# Stay at Home Mother and  pension



## Samantha (15 Apr 2005)

I will not be able to afford to work anymore after the birth of the twins, Childcare for 3 kids  will be higher than my wages therefore I have no choice than stop working.  I have a personnal pension plan but according to my policy, my pension need to stop as you need to pay income taxes in order to hold a pension ! I can still make the monthly payment for my pension so I think it is unfair than I cannot hold a pension. Is there any around it ?
Thank for you advise


----------



## Alan Moore (15 Apr 2005)

*Re: SAHM + pension*

Would it be wise to pay into a personal pension. You would get no tax relief on the contributions and possibly pay tax on the benefits on retirement.

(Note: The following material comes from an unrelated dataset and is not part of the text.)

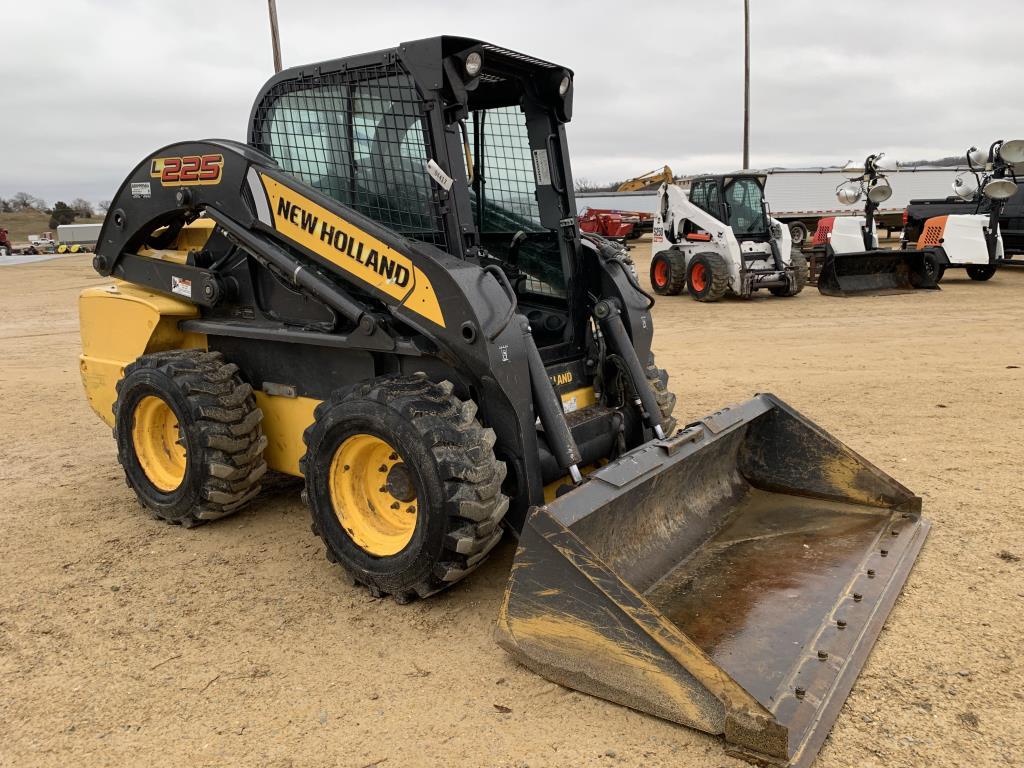 New Holland L225 SKid Loader w/ Bucket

You may be better saving your excess money with a view to putting it into a pension if and when you rejoin the workforce and are subject to tax again, therefore getting relief on the same further down the road.


----------



## ObiwanKenobi (15 Apr 2005)

Surely there would be tax relief on the contributions if Samantha was jointly assessed, assuming she is married?


----------



## Samantha (15 Apr 2005)

Yes, I am married.
And I really would like to keep my contributions to my pension, I don't think it is fair that I need to stop because I am going to be stay at home mom (Childminders are quoting me EUR 400 per week to mind the twins and the 2 year old - South East area - very dear when you think that the 2 years old will start Montessori school in Septembre which is another EUR 50.00 a week) therefore it would be around EUR 1800 in childcare/montessori and my wages is around this amount so better for me to stay at home if working doesn't bring me financially better). I did rang my pension company which clearly stated that the contribution must stop until i am back paying income tax. They couldn't help me more, I check the  website but same it seems that only working people are allowed to have a pension.

I like ObiwanKenobi answer, I guess I need to ring the tax office to have an answer but in the meantime if someone knows the solution, please post it


----------



## Conan (15 Apr 2005)

To contribute to a Personal Pension you must have a source of Relevant Earnings. Since you will stop earning on becoming a full-time mom, you cannot continue to contribute to the Pension. In addition since you would get no tax-relief on such contributions (having no income), it would not make sense to do so.
If you have cash available you are better off investing in some savings product (where tax relief is not applicable but equally where the growth is only liable to 23% tax).
Being jointly assessed is not relevant. You cannot claim tax relief of your contributions to a pension plan against your husband's income.
 Them' the rules!!!

Conan


----------



## D8Lady (26 Apr 2005)

This boils my blood! The rules are so unfair, you're trying to do the best for your family & yourself.....ahem.....

Perhaps the best thing to do would be to start a PRSA. You do not have to be working in order to do set one up. Also, if / when you start work again I think you may be able to claim tax relief for years when you were unable to. 
General info on PRSAs: 
[broken link removed]

The pensions board also have a specific guide to pensions for women
http://www.pensionsboard.ie/publications2.asp?id=2&name=&rid=67

Hope this helps.


----------



## Samantha (27 Apr 2005)

Thank a lot D8lady - I will have a look at it.


----------